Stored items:
------------------------------
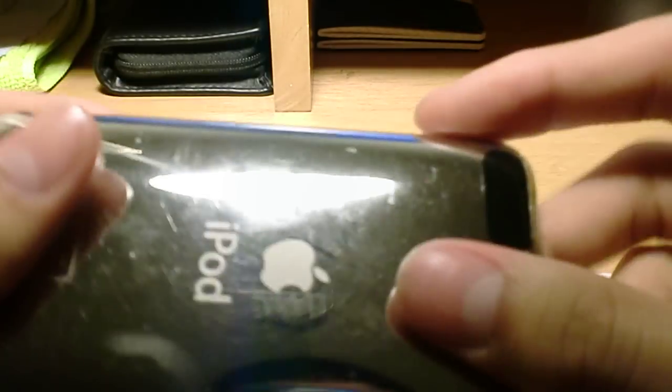Anyways, off topic, back to the Best Skins Ever. What it is, it's a clear protector, it's a clear film that wraps around the entire body of the iPod, protecting it from scratches.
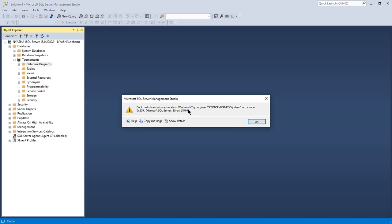This has to do with the active directory or Windows group or user not being found by SQL. The user has been previously registered but for some reason it's no longer accessible or not found by the database engine.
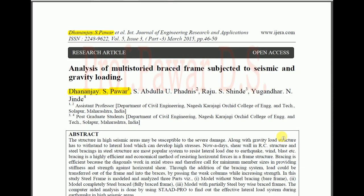Hi friends, I am going to discuss with you the paper which I have published in the International Journal of Engineering Research and Applications, along with my ME students Raju S. Jinde and Ugandar Jinde, and with my colleague Professor Abdullah Fadnis. The paper name is 'Analysis of Multi-Storey Braced Frame Subject to Seismic and Gravity Loading.'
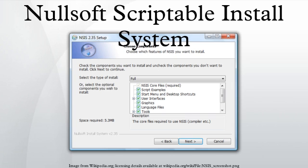Nullsoft's Scriptable Install System is a script-driven installer authoring tool for Microsoft Windows with minimal overhead, backed by Nullsoft, the creators of Winamp. NSIS is released under a combination of free software licenses, primarily the Zlib license.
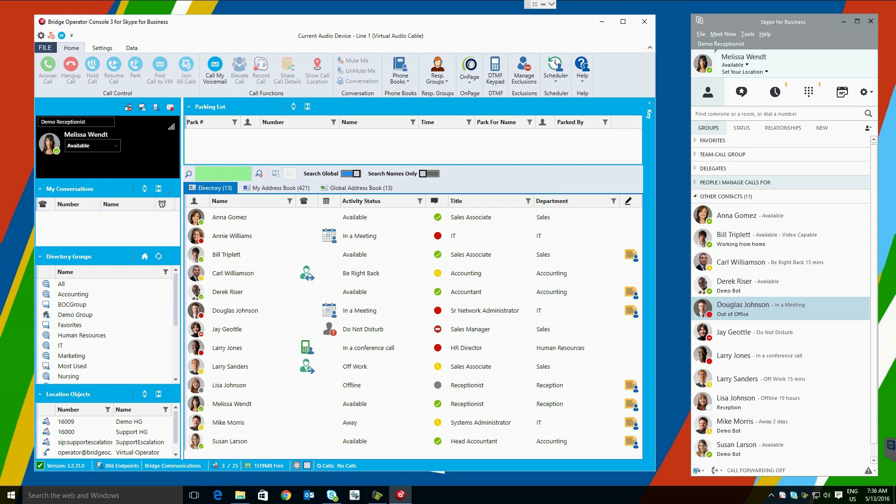Welcome to today's demo of Bridge Operator Console for Skype for Business and Lync 2013. The screen layout of the Bridge Operator Console is similar to a Microsoft Office application.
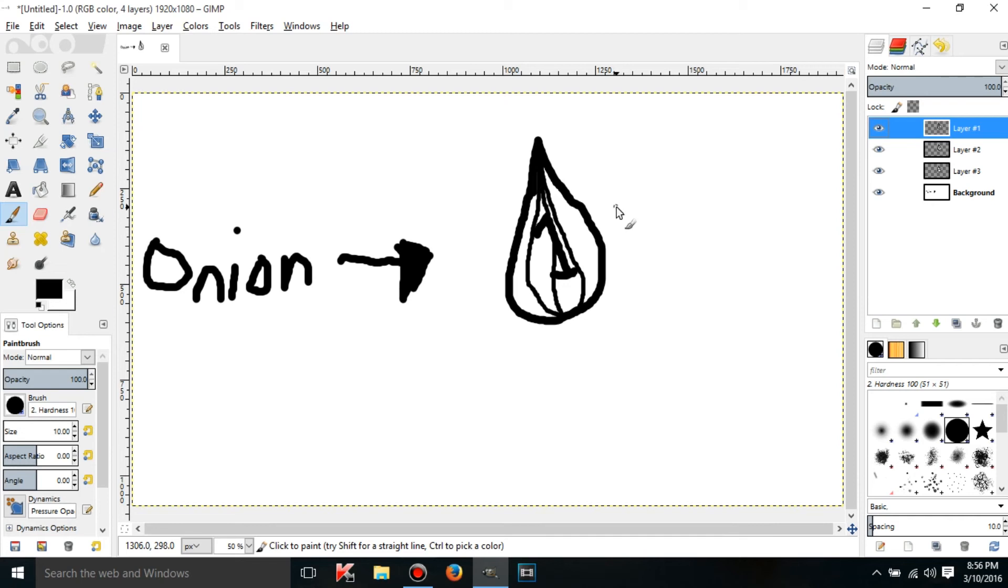Hello YouTube, this is LearnTutorials and welcome to your fourth GIMP tutorial. Today I'm going to be talking to you about layers.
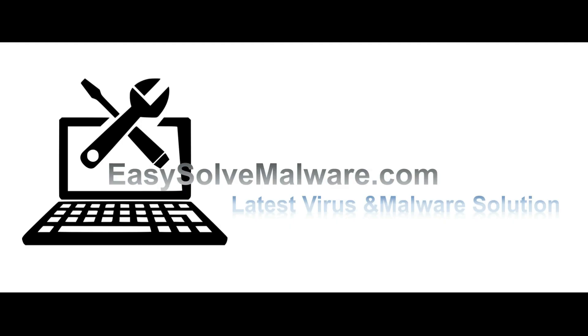That's all. Thank you watching the video from EasySolveMalware.com. We hope it solves your problem.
------------------------------
Output the entries above exactly. Do not include the pictures.

Result:
Anyways, off topic, back to the Best Skins Ever. What it is, it's a clear protector, it's a clear film that wraps around the entire body of the iPod, protecting it from scratches.
This has to do with the active directory or Windows group or user not being found by SQL. The user has been previously registered but for some reason it's no longer accessible or not found by the database engine.
Hi friends, I am going to discuss with you the paper which I have published in the International Journal of Engineering Research and Applications, along with my ME students Raju S. Jinde and Ugandar Jinde, and with my colleague Professor Abdullah Fadnis. The paper name is 'Analysis of Multi-Storey Braced Frame Subject to Seismic and Gravity Loading.'
Nullsoft's Scriptable Install System is a script-driven installer authoring tool for Microsoft Windows with minimal overhead, backed by Nullsoft, the creators of Winamp. NSIS is released under a combination of free software licenses, primarily the Zlib license.
Welcome to today's demo of Bridge Operator Console for Skype for Business and Lync 2013. The screen layout of the Bridge Operator Console is similar to a Microsoft Office application.
Hello YouTube, this is LearnTutorials and welcome to your fourth GIMP tutorial. Today I'm going to be talking to you about layers.
That's all. Thank you watching the video from EasySolveMalware.com. We hope it solves your problem.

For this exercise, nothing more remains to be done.